* [Material provided]
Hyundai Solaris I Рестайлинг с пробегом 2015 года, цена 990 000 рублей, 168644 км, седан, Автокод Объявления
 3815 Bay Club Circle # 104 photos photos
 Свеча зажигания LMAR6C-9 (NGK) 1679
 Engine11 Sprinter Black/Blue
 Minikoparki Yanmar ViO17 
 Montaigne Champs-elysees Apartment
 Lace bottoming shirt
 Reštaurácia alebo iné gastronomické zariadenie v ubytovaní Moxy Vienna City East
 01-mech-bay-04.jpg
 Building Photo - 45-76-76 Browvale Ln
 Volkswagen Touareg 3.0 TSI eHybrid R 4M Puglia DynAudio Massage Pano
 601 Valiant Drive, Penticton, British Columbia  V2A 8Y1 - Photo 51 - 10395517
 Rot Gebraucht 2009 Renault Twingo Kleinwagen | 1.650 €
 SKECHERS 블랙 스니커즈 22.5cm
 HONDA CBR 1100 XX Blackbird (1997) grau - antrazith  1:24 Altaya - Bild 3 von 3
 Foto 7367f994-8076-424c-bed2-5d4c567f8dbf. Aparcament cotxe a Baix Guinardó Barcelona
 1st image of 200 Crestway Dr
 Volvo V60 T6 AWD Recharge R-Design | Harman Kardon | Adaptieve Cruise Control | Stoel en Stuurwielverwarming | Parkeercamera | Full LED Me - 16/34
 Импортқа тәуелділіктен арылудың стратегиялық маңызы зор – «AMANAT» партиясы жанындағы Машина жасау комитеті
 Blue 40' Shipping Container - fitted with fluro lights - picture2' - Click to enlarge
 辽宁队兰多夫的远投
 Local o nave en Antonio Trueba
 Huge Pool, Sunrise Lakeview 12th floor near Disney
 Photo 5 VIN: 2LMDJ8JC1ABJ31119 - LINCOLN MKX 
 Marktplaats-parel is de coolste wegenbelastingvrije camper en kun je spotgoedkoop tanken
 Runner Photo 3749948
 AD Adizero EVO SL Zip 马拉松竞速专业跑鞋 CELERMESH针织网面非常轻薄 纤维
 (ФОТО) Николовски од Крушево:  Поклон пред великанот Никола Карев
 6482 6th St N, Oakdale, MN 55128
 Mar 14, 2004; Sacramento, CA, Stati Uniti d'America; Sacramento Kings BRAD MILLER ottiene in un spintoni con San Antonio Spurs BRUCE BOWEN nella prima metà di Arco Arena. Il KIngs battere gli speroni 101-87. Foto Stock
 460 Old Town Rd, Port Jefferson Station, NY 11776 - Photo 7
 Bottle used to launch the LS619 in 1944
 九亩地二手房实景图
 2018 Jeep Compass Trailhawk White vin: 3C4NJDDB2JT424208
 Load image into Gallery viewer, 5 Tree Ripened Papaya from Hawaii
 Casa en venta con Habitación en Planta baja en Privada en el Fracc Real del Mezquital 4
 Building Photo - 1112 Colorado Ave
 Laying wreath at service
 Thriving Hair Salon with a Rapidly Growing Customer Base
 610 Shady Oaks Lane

* [Required work] Wherever the word "with" shows up in the material, copy the line it is on.

* [Solution for this problem]
 Blue 40' Shipping Container - fitted with fluro lights - picture2' - Click to enlarge
 Thriving Hair Salon with a Rapidly Growing Customer Base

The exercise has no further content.